● INSTRUCTIONS TO FOLLOW
Locate "NEW Suede Leather" in the records below, then copy its line and every following line exactly, without the pictures.

::: RECORDS FOR THE EXERCISE :::

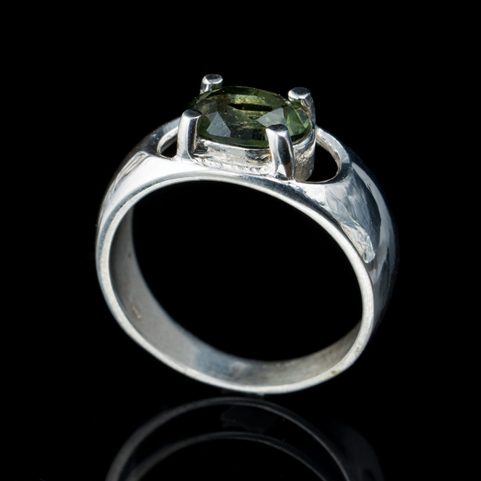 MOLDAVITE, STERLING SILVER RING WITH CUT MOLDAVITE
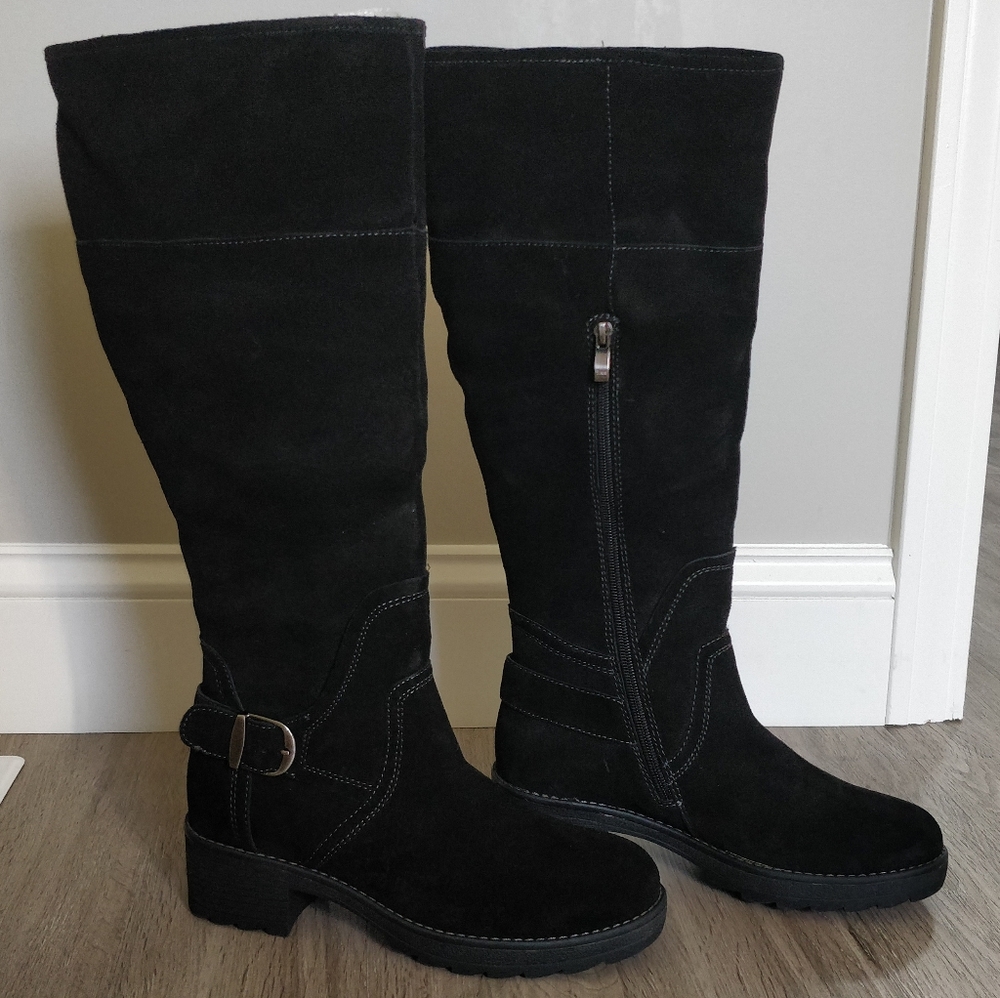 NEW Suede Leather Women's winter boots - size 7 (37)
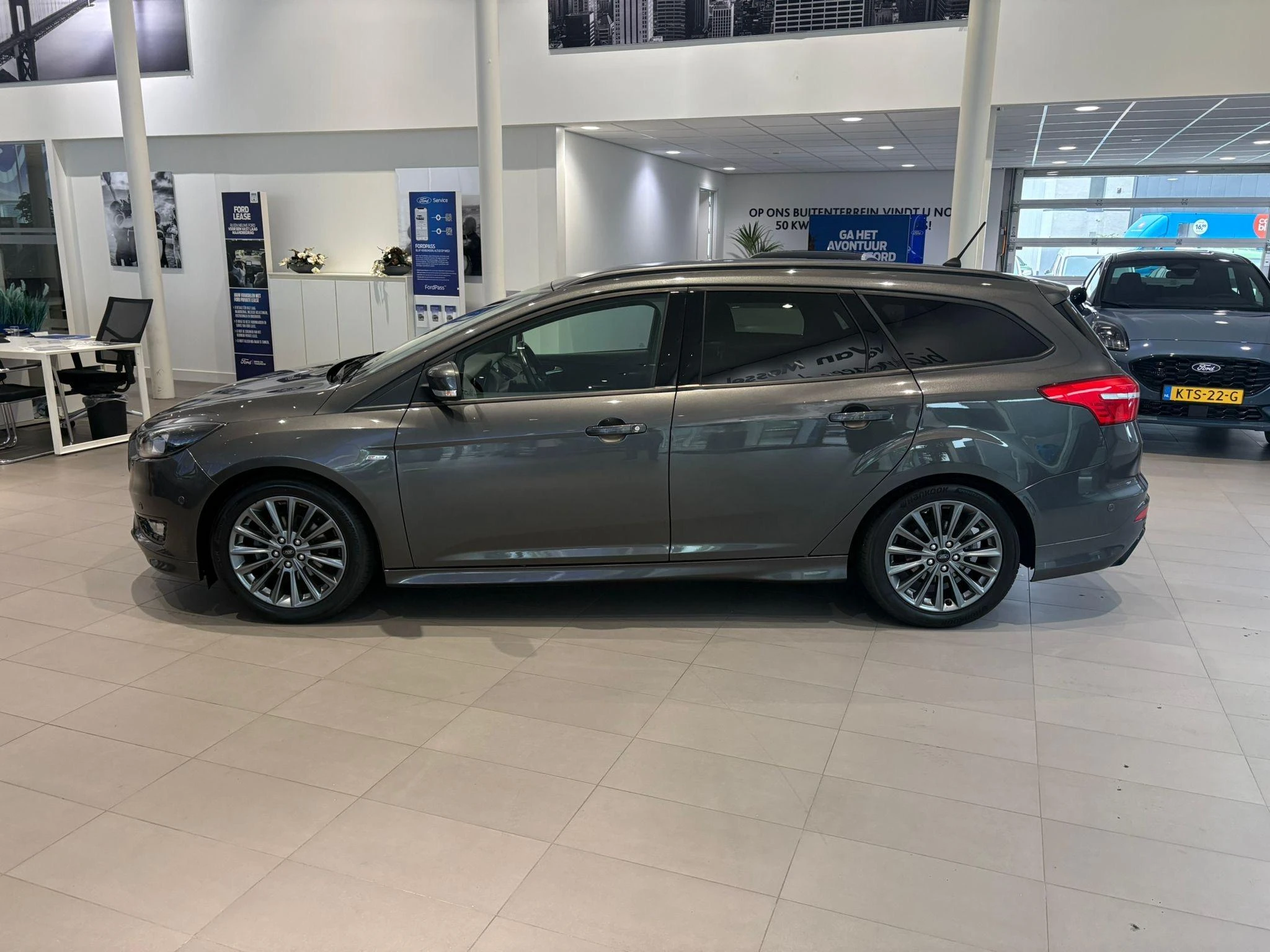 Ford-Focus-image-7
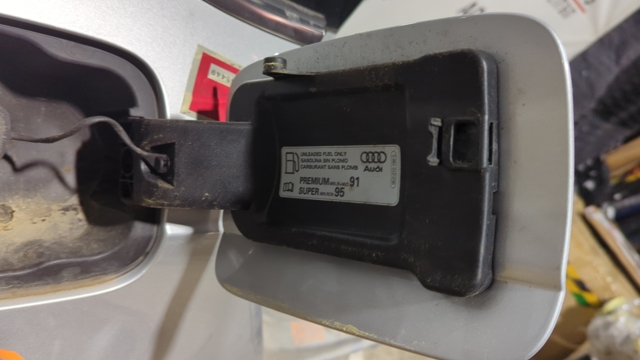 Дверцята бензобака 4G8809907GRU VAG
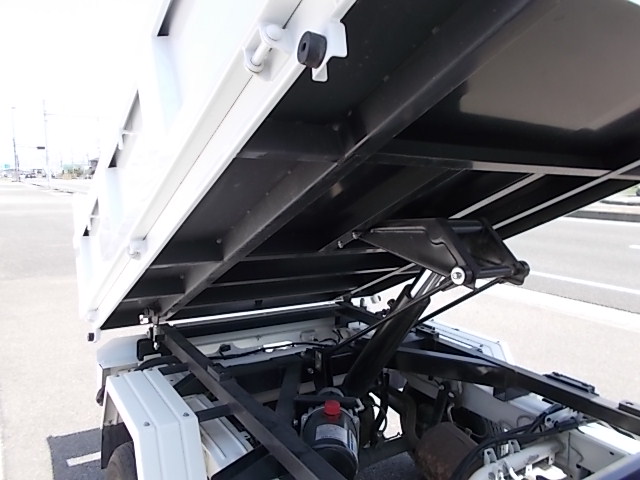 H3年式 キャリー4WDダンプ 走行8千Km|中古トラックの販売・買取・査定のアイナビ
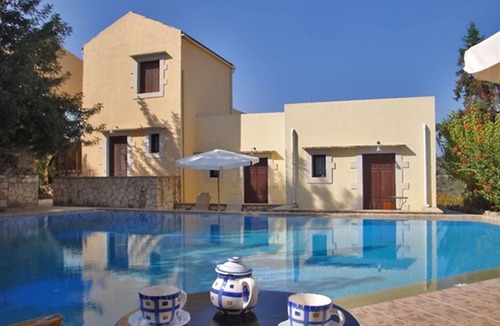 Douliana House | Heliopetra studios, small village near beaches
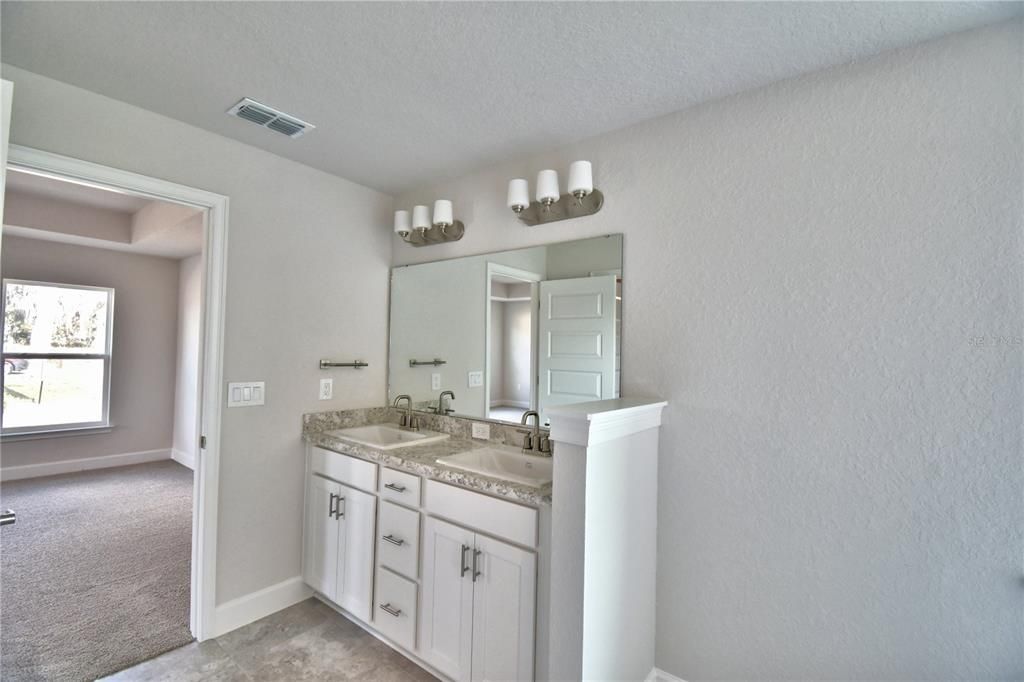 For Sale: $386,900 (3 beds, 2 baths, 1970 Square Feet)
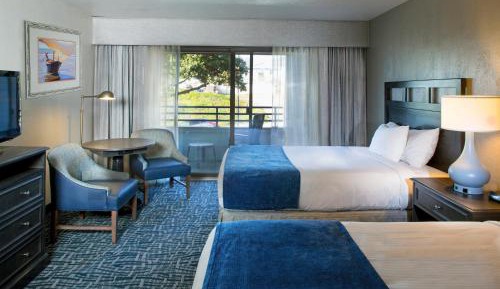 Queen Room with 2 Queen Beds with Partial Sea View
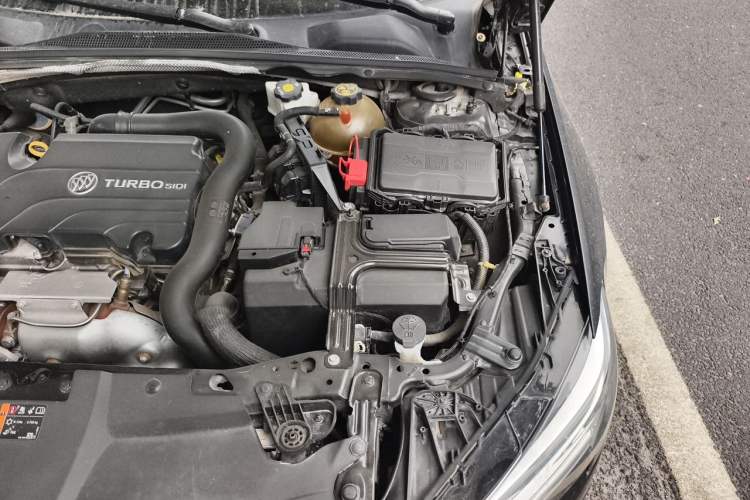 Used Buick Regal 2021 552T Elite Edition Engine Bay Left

:::

● ANSWER SPACE
 NEW Suede Leather Women's winter boots - size 7 (37)
 Ford-Focus-image-7
 Дверцята бензобака 4G8809907GRU VAG
 H3年式 キャリー4WDダンプ 走行8千Km|中古トラックの販売・買取・査定のアイナビ
 Douliana House | Heliopetra studios, small village near beaches
 For Sale: $386,900 (3 beds, 2 baths, 1970 Square Feet)
 Queen Room with 2 Queen Beds with Partial Sea View
 Used Buick Regal 2021 552T Elite Edition Engine Bay Left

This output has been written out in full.